The gladiatrix (plural gladiatrices) is a modern term for the female equivalent of the gladiator of ancient Rome. Like their male counterparts, female gladiators fought each other, or wild animals, to entertain audiences at various games and festivals. Very little is known about them. They were almost certainly considered an exotic rarity by their audiences. Their existence is known only through a few accounts written by members of Rome's elite, and a very small number of inscriptions.

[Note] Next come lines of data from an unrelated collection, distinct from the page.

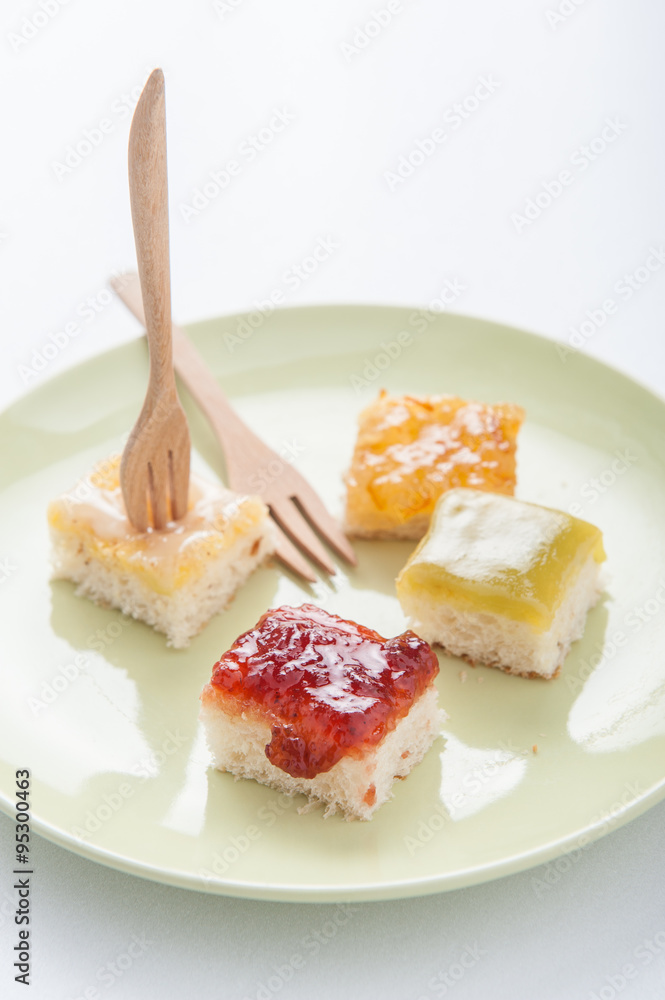 Mix fruit, blueberry, orange fruit jam spread on bread toast ove Mix fruit, blueberry, orange fruit jam spread on bread toast ove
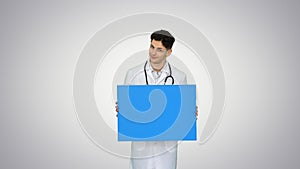 Happy smiling male doctor showing blank signboard and dancing on gradient background.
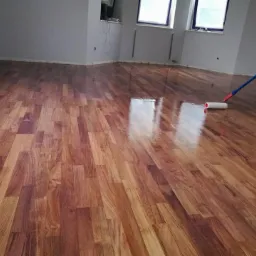 Lakierowana podłoga z drewna egzotycznego z widocznym wałkiem malarskim podczas aplikacji lakieru, odbicie okna w mokrej powierzchni.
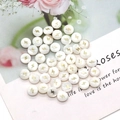 Flat round white freshwater shell beads with gold lightning bolt patterns for DIY jewelry - Lightning Print / 8mm 20 Pieces Per Pack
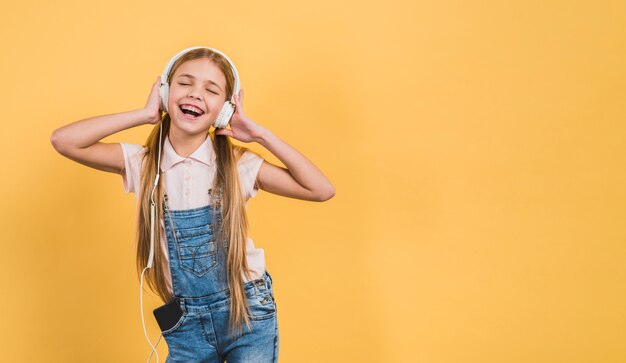 Delight girl enjoying listening the music on headphone against yellow backdrop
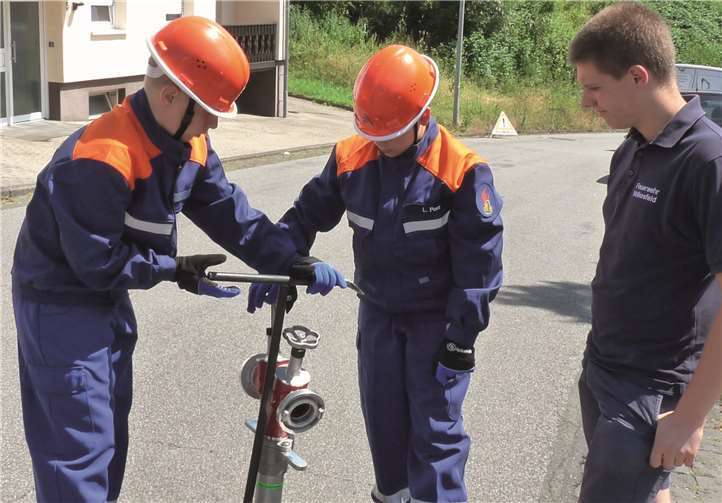Zu den Vorbereitungen des Löschangriffs wurde einem Hydranten mit Hilfe eines Standrohrs das Wasser entnommen und in Gang gesetzt.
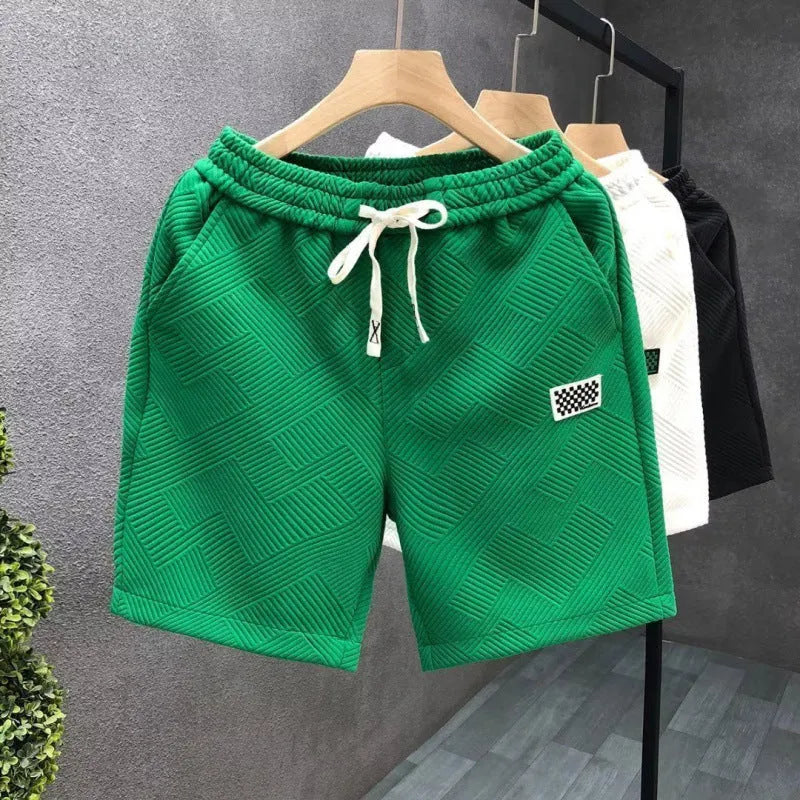 Casual polyester sports shorts with micro elasticity in white, black, or green colours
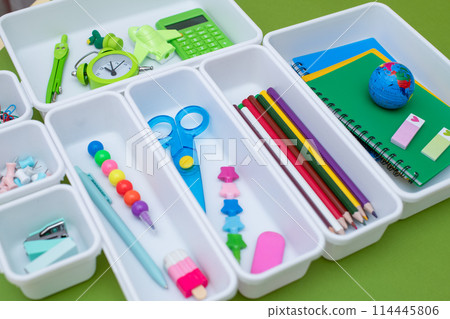 School supplies.Concept back to school. colored stationery is arranged in white organizers. Creative Drawer Organizing. Storage office supplies 114445806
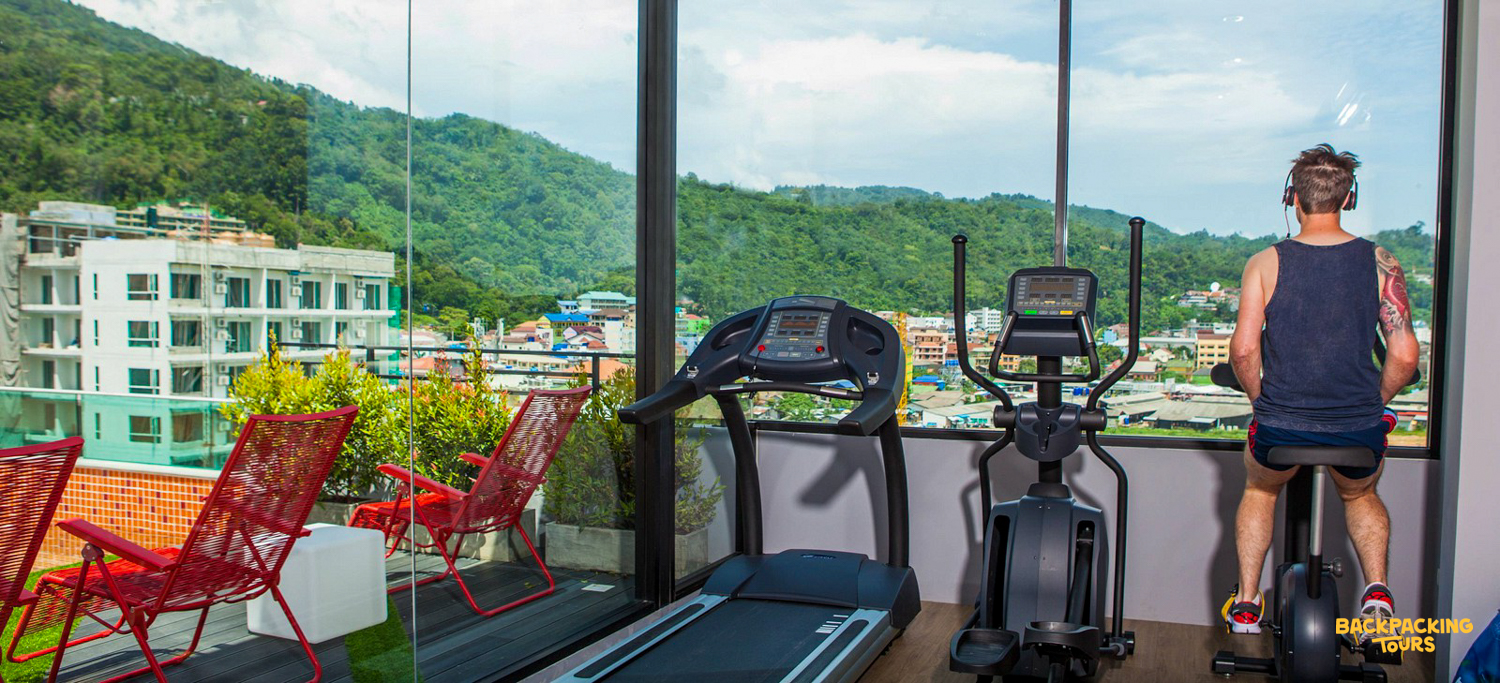A man exercises on a bike in a gym with a panoramic view of Phuket's lush hills.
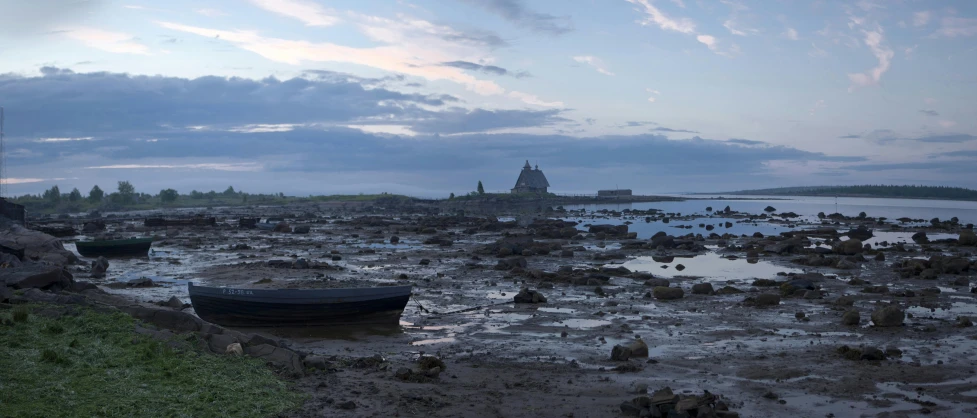 a boat sitting on top of a beach next to a body of water, a detailed matte painting, by Adriaen Hanneman, unsplash, medieval french landscape, twilight ; wide shot, northern france, rock pools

Female gladiators rarely appear in Roman histories. When they do, they are "exotic markers of exceptionally lavish spectacle". In 66 AD, Nero had Ethiopian women, men and children fight at a munus to impress King Tiridates I of Armenia. Romans seem to have found the idea of a female gladiator novel and entertaining, or downright absurd; Juvenal titillates his readers with a woman named "Mevia", a beast-hunter, hunting boars in the arena "with spear in hand and breasts exposed", and Petronius mocks the pretensions of a rich, low-class citizen, whose munus includes a woman fighting from a cart or chariot. A munus circa 89 AD, during Domitian's reign, featured battles between female gladiators, described as "Amazonian".

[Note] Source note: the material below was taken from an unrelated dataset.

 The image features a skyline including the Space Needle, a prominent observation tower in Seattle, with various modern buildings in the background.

There is no evidence for the existence or training of female gladiators in any known gladiator school. Vesley suggests that some might have trained under private tutors in Collegia Iuvenum (official "youth organisations"), where young men of over 14 years could learn "manly" skills, including the basic arts of war. He offers three inscriptions as possible evidence; one, from Reate, commemorates Valeria, who died aged seventeen years and nine months and "belonged" to her collegium; the others commemorate females attached to collegia in Numidia and Ficulea. Most modern scholarship describes these as memorials to female servants or slaves of the collegia, not female gladiators. Nevertheless, female gladiators probably followed the same training, discipline and career path as their male counterparts; though under a less strenuous training regime.

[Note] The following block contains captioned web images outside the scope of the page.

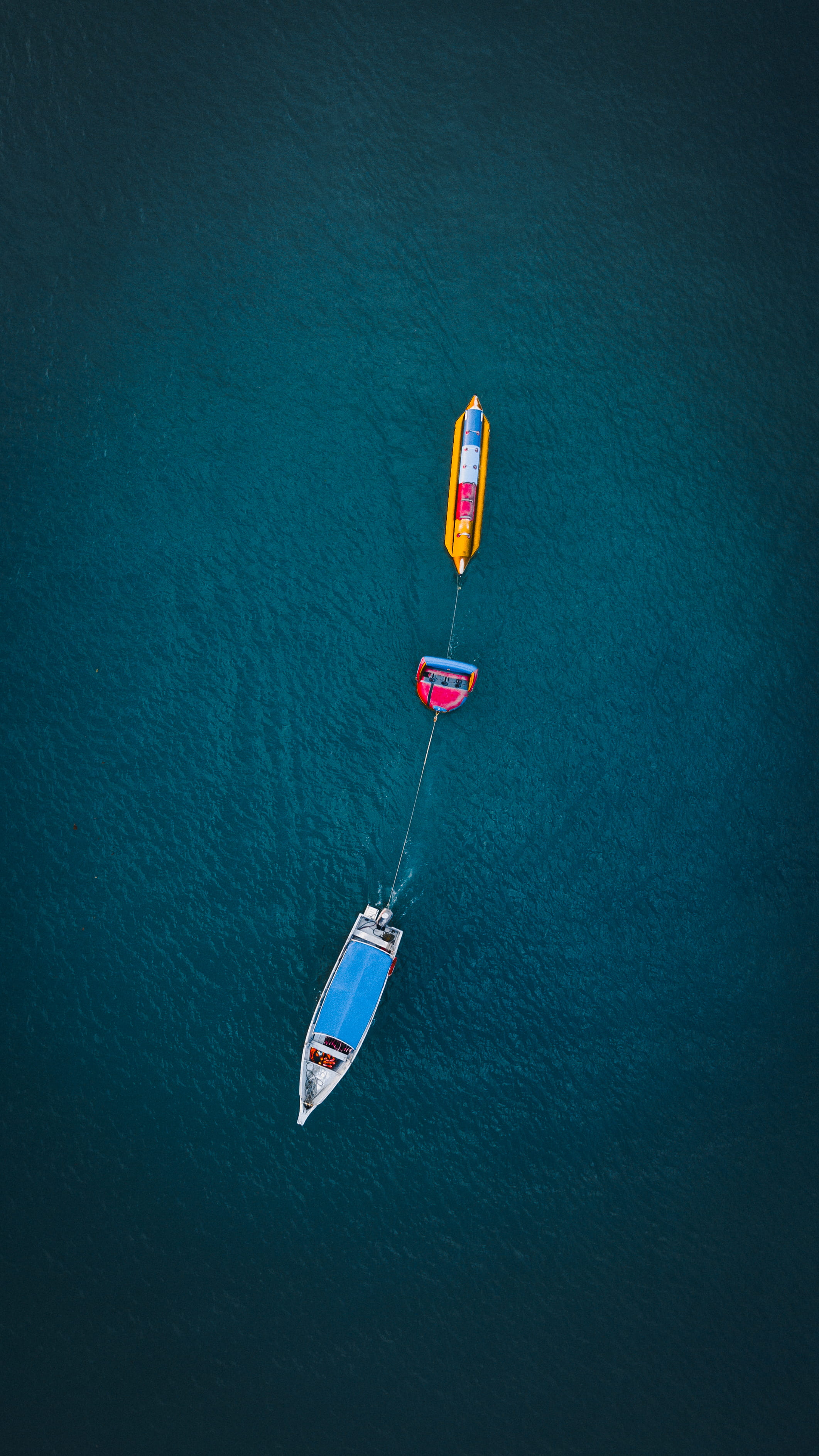 white and yellow boats on body of water, aerial view of boat pulling banana boat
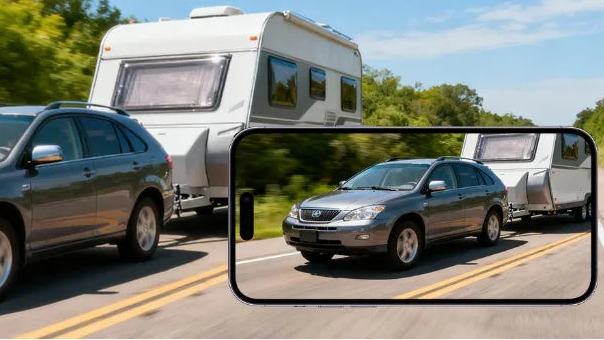 A gray SUV towing a white travel trailer on a road, with a smaller inset showing the same scene inside a phone-like frame. Large text at the top reads '1080p Vivid Image'.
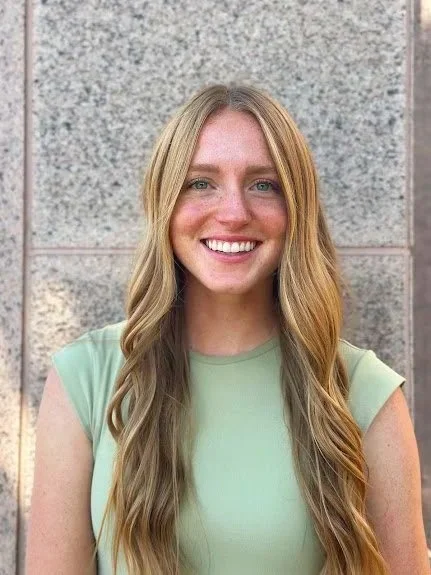 Blonde-haired woman who is smiling against a granite stone background.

As male gladiators were usually pitted against fighters of similar skill and capacity, the same probably applied to female gladiators. A commemorative relief from Halicarnassus shows two near-identical gladiators facing each other. One is identified as Amazon and the other as Achillia; their warlike "stage names" allude to the mythical tribe of warrior-women, and the warrrior-hero Achilles. Each is bareheaded, equipped with a greave, loincloth, belt, rectangular shield, dagger and manica (arm protection). Two rounded objects at their feet probably represent their discarded helmets. An inscription describes their match as missio, meaning that they were released; the relief, and its inscription, might indicate that they fought to an honourable "standing tie" as equals.